In general, we find some support for the notion that traffic incidents change in frequency and type over the course of a day, week, or month. This initial exploration is useful as it points to other data sources that might be helpful for us.

# Accident Data

The accident data was small (only 2 observations), but we would be excited to see more data that looks like these. The following fields are a bit unclear to us:

- type: We only see 'ACCIDENT' here so we are curious about what other categories might be contained here
- sub-type: Similarly, we are interested in the range of sub-types
- total: As with the other datasets, we are curious as to whether 'total' refers to the total number of reports 


In [None]:
# Load datasets
accident_report = pd.read_csv("accident_report_data.csv")
traffic_level = pd.read_csv("traffic_level_data.csv")
traffic_report = pd.read_csv("traffic_report_data.csv")

# Map of Jakarta

In this section, we plot a preliminary map of Jakarta to get a sense for how the city is shaped and zoned. One useful piece of data that would augment any geospatial analysis would be a geojson or shape file containing the district lines for each district within the city. With this information, we would be able to map the change in traffic incidents over time, as well as differences between the districts.

In [None]:
# Map Jakarta
jakarta_coords = (-6.1751, 106.8650)
jakarta_map = folium.Map(jakarta_coords, zoom_start = 12, tiles = 'Mapbox Bright')
folium.TileLayer('stamentoner').add_to(jakarta_map)

In [None]:
jakarta_map

# Traffic Level

In this section, we look at the trends in the "traffic_level_dataset" csv. These data are interesting because they provide information about the delays experienced by motorists in each region, are collected fairly regularly. Our major question here is what 'delay' is measured in, namely whether it measures seconds or minutes.

In [None]:
# traffic_level metadata

traffic_level['date_time'] = pd.to_datetime(traffic_level['date'] + ' ' + traffic_level['start_time'])
traffic_level.head()

Below, we visualize the general delays experienced by each area in aggregate. We use histograms to show the overall distributions. In general, across all areas, delays tend to concentrate on the 'shorter' side. Gambir is notable in this regard as nearly all of its reports contain delays around 100.

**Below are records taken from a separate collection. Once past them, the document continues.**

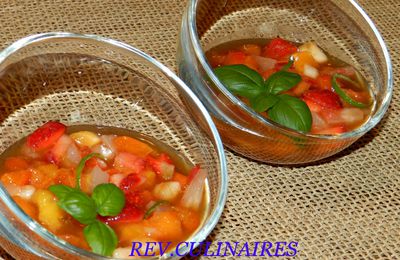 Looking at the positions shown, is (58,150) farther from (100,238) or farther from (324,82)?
(324,82)

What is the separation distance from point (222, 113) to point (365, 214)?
623mm

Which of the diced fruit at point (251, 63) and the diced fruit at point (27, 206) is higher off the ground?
the diced fruit at point (251, 63)

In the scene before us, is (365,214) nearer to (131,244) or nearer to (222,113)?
(222,113)

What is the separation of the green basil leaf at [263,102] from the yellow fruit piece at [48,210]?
80 centimetres

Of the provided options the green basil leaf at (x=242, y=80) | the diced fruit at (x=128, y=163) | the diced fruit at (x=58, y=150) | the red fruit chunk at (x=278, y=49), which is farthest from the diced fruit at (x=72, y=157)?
the red fruit chunk at (x=278, y=49)

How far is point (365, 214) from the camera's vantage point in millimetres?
2578

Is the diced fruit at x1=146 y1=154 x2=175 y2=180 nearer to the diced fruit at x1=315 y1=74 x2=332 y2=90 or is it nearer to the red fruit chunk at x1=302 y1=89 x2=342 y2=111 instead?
the red fruit chunk at x1=302 y1=89 x2=342 y2=111

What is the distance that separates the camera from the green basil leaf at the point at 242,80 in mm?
2559

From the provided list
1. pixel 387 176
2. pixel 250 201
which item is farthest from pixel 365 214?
pixel 250 201

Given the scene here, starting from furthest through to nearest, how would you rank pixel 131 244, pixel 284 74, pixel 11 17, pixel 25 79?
pixel 11 17 → pixel 284 74 → pixel 25 79 → pixel 131 244

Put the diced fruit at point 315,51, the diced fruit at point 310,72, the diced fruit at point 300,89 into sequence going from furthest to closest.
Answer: the diced fruit at point 315,51
the diced fruit at point 310,72
the diced fruit at point 300,89

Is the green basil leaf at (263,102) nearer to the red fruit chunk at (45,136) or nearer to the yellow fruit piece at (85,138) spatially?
the yellow fruit piece at (85,138)

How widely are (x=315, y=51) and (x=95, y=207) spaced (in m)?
1.33

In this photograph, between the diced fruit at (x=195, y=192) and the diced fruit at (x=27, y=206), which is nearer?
the diced fruit at (x=27, y=206)
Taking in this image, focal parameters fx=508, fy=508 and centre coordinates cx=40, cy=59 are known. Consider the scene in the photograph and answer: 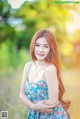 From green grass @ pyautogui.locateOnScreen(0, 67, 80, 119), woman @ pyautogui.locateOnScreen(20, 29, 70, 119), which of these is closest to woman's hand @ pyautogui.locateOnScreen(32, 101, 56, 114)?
woman @ pyautogui.locateOnScreen(20, 29, 70, 119)

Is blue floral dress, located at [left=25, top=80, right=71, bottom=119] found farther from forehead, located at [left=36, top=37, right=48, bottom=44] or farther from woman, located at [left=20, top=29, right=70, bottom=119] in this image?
forehead, located at [left=36, top=37, right=48, bottom=44]

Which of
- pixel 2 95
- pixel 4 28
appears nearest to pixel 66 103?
pixel 2 95

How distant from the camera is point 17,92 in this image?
11.5ft

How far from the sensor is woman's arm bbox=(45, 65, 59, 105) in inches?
134

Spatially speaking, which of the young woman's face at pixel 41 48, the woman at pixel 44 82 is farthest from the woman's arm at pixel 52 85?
the young woman's face at pixel 41 48

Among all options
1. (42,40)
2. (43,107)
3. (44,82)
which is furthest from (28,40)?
(43,107)

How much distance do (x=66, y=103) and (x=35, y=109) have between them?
22 cm

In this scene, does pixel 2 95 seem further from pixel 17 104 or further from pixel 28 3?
pixel 28 3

We would be interested in learning more about each of these areas, and what drives these small, but potentially important, differences in the delays experienced in each.

In [None]:
(ggplot(traffic_level[traffic_level.delay < 2000], aes('delay')) 
 + geom_histogram(bins = 30)
 + facet_wrap('~area')
 + ggtitle('Histogram of Traffic Delays by Area') 
 + xlab('Delay')
 + ylab('Count')
 + theme_bw())

Here, we visualize time series across the two-week period for each area. It is interesting to note here that certain areas experience spikes on particular days, even if other areas do not. For instance, Gambir experienced a spike in delays on May 13th, even though no other area experienced a similar spike. Meanwhile, Gunung Sahari Utara experienced a spike on May 3rd that did not occur in Gambir. Kampung Melayu was very consistent across the entire period, never experiencing a major fluctuation in delay times.

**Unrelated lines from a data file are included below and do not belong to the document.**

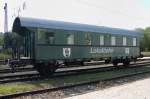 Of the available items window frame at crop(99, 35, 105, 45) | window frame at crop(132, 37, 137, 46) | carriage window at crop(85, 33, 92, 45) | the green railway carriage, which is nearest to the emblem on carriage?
the green railway carriage

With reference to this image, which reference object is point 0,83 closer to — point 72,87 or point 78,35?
point 72,87

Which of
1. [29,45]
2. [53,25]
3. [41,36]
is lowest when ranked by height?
[29,45]

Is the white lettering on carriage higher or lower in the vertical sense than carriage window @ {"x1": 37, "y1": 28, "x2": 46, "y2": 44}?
lower

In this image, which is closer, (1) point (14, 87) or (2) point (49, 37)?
(1) point (14, 87)

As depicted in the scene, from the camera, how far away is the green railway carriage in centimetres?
1798

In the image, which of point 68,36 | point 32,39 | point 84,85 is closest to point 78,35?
point 68,36

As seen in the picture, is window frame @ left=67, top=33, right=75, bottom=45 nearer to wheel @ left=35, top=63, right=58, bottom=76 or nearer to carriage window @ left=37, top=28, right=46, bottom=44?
wheel @ left=35, top=63, right=58, bottom=76

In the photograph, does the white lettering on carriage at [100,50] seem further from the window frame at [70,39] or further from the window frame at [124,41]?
the window frame at [70,39]

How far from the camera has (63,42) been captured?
64.4 ft

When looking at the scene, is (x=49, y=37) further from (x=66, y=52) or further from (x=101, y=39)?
(x=101, y=39)

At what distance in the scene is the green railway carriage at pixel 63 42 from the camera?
708 inches

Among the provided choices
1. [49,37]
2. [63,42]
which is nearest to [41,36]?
[49,37]

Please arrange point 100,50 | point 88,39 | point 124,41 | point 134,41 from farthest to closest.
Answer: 1. point 134,41
2. point 124,41
3. point 100,50
4. point 88,39

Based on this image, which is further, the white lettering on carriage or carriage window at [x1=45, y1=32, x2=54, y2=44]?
the white lettering on carriage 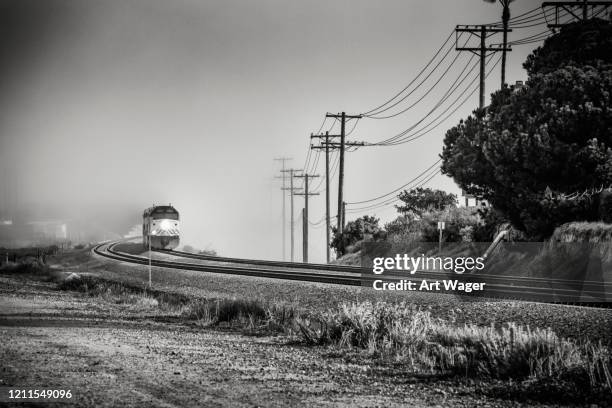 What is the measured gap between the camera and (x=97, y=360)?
10.3 metres

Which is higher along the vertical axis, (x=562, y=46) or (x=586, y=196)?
(x=562, y=46)

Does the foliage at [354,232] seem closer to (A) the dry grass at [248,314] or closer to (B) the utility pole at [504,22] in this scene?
(B) the utility pole at [504,22]

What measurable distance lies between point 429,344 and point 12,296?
15.8 m

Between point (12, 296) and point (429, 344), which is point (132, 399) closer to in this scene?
point (429, 344)

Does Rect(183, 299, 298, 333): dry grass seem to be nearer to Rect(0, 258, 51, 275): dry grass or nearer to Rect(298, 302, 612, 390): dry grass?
Rect(298, 302, 612, 390): dry grass

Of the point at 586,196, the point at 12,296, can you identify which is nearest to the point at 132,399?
the point at 12,296

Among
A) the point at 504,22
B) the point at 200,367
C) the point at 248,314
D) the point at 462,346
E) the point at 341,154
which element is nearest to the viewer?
the point at 200,367

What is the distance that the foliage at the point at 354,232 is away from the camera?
4800 cm

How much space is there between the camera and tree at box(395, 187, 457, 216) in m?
52.9

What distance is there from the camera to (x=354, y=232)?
4928 centimetres

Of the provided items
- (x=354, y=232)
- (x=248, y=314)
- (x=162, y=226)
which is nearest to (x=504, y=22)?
(x=354, y=232)

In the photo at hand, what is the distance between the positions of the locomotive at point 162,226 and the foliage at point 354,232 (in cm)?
1303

We would need more data to explore whether these differences are largely explained by one-time events (such as construction or an accident), or whether they are systematically related to something like the day of week.

In [None]:
(ggplot(traffic_level[traffic_level.delay < 2000], aes('date_time', 'delay'))
+ geom_line()
+ xlab('Date/Time')
+ ylab('Delay')
+ ggtitle('Time Series of Traffic Delays across All Days')
+ theme_bw()
+ theme(axis_text_x = element_text(angle = 90, hjust = .5))
+ facet_wrap('~area'))

Finally, we visualize a day of delays in Gambir, namely May 1st. Here, we can see that delays substantially decrease around mid-afternoon (down to around 80), but the mornings and early evenings experience larger delays (close to 140 at points).

In [None]:
(ggplot(traffic_level[(traffic_level.area == 'Gambir') & 
                      (traffic_level.delay < 2000) &
                      (traffic_level.date == '2018-05-01')], 
        aes('start_time', 'delay', group = 1))
+ geom_line()
+ xlab('Date/Time')
+ ylab('Delay')
+ ggtitle('Gambir Time Series of Traffic Delays on May 1, 2018')
+ theme_bw()
+ theme(axis_text_x = element_text(angle = 90, hjust = .5)))

# Traffic Report

Next, we visualize the "traffic_reports_dataset" csv. These data provide the type and sub-types for various incidents.

In [None]:
# Look at traffic_report
traffic_report.head()

In [None]:
traffic_report['date_time'] = pd.to_datetime(traffic_level['date'] + ' ' + traffic_level['start_time'])
traffic_report.head()

Here we visualize the frequency of different types of roadway incideints. Traffic jams are the dominant reason for reporting a traffic incident by a large margin. Citizens rarely reported roadway hazards or road closures as a reason for a delay.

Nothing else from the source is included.